A significant improvement of the uniformity of the backside contact can be achieved by a liquid contact, i.e. the sample has two electrolyte junctions. The first junction (the front side) will be the one of interest and where the pores will grow. The second junction will play the role of an uniform backside contact. On both junctions electrochemical reactions will take place. If at the front junction an anodic reaction takes place, then at the back contact a cathodic reaction will occur. This idea can be realized by the so called double electrochemical cell . A schematic description of such a double cell is presented in Figure 2.16.
Figure 2.16: Schematic representation of the electrochemical double cell used for anodization of III-V compounds. a) The cell consists of two Teflon rooms (Cell 1 and Cell 2) which are nearly identical. The only difference between them is that Cell 1 contains two Pt electrodes (CE and RE) whereas Cell 2 only one electrode (WE). Two windows in the cells provide the possibility for front and back side illumination. The cells slide easily on four horizontal metallic rods and can be fixed face to face by eight clamping bolts. The sample is placed between the cells and a mild mechanical contact with the Teflon cells is supplied by two rubber O-rings. The internal and external diameters of the O-rings are 7 and 5 mm respectively. On the sample, additionally, the fourth electrode is placed (sense electrode (SE)). The electrolyte can flow in and out of the cells through four rubber tubes. The tubes also connect the chambers to two different electrolyte containers; b) The cross section of the double cell along the cutting plane A ( see a). It shows the inside of the cell and how the Pt electrodes are arranged. The electrodes are designed to provide a short distance between the sample and the reference electrode. Each Pt electrode is quite long and has an external socket for connection to the potentiostat.

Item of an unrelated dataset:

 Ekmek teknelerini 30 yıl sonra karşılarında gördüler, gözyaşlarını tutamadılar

Additional to the cell and potentiostat, an electrochemical setup requires pumps and containers for electrolyte, temperature control etc. A schematic overview of a complete experimental set up is presented in Figure 2.17.

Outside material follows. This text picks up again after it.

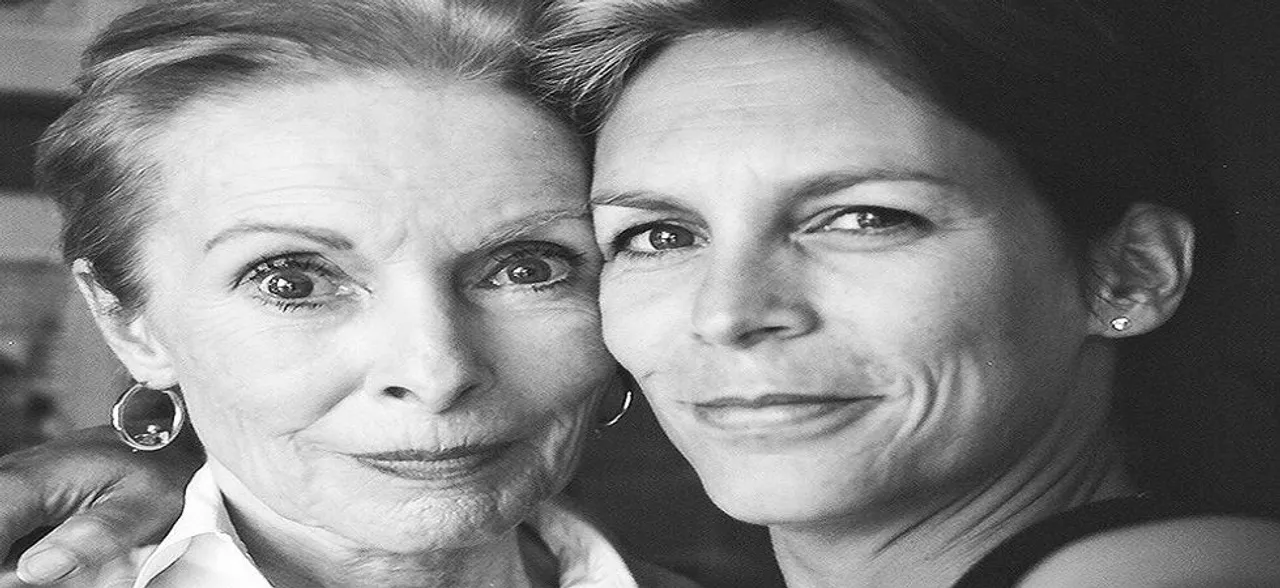 Jamie Lee Curtis says she never looks at herself in mirrors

Figure 2.17: The overview of the experimental set up used for anodization of III-V compounds in this work. The set up has six important components: the electrochemical double cell, the electrolyte containers, the peristaltic pumps, the potentiostat, the thermostat and the computer. The containers and the cells are made of Teflon in order to withstand all kinds of electrolytes. The electrolyte from Container 1 is pumped by Pump 1 through the front cell, whereas the electrolyte from Container 2 is pumped by Pump 2 through the back cell. The thermostat is pumping the oil through both electrolyte containers. The temperature is measured only in Container 1, which supplies the front cell with electrolyte. The potentiostat has a four electrode configuration: Working electrode (WE), Counter electrode (CE), Reference electrode (RE), Sense electrode (SE). Additionally, the potentiostat is collecting the information from the thermocouple, which is transmitted to the computer. The computer controls the thermostat and the potentiostat. The rotation velocity of the peristaltic pumps is fixed manually at the beginning of each experiment (normally 100 rotations per minute).